Instructions for the task ->
Omit the images, then repeat the listing exactly.
====== Data block ======
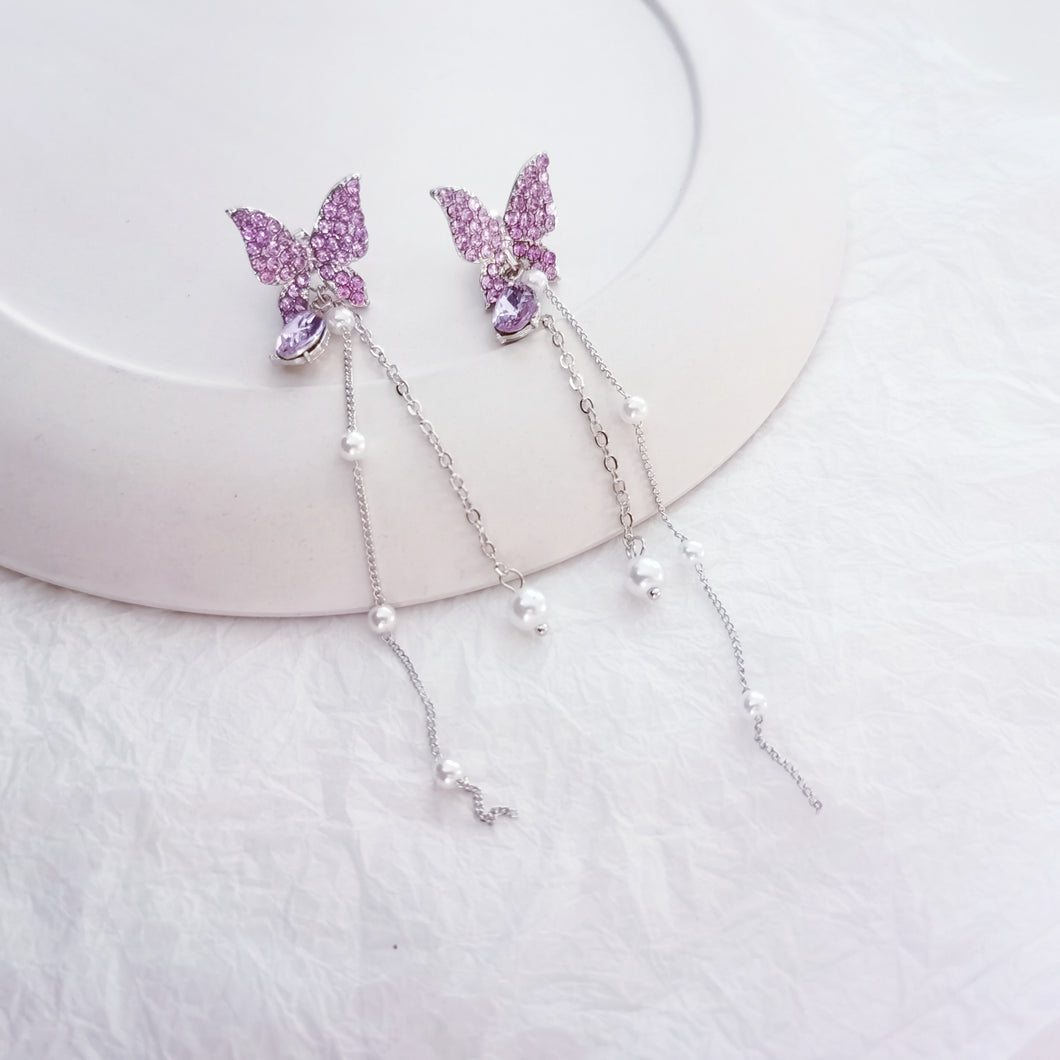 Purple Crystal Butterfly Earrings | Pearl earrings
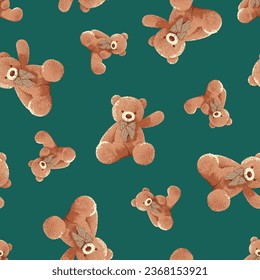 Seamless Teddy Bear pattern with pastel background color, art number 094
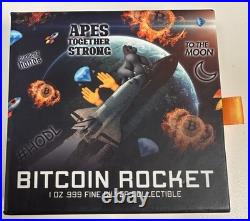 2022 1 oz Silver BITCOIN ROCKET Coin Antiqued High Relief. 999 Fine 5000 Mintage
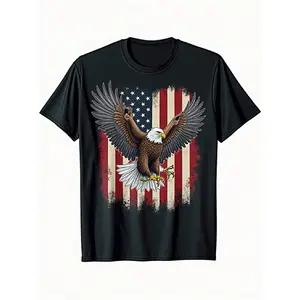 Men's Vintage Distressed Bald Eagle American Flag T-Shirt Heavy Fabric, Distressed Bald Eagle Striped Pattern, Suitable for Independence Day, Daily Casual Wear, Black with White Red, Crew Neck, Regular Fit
======
Solution ->
 Purple Crystal Butterfly Earrings | Pearl earrings
 Seamless Teddy Bear pattern with pastel background color, art number 094
 2022 1 oz Silver BITCOIN ROCKET Coin Antiqued High Relief. 999 Fine 5000 Mintage
 Men's Vintage Distressed Bald Eagle American Flag T-Shirt Heavy Fabric, Distressed Bald Eagle Striped Pattern, Suitable for Independence Day, Daily Casual Wear, Black with White Red, Crew Neck, Regular Fit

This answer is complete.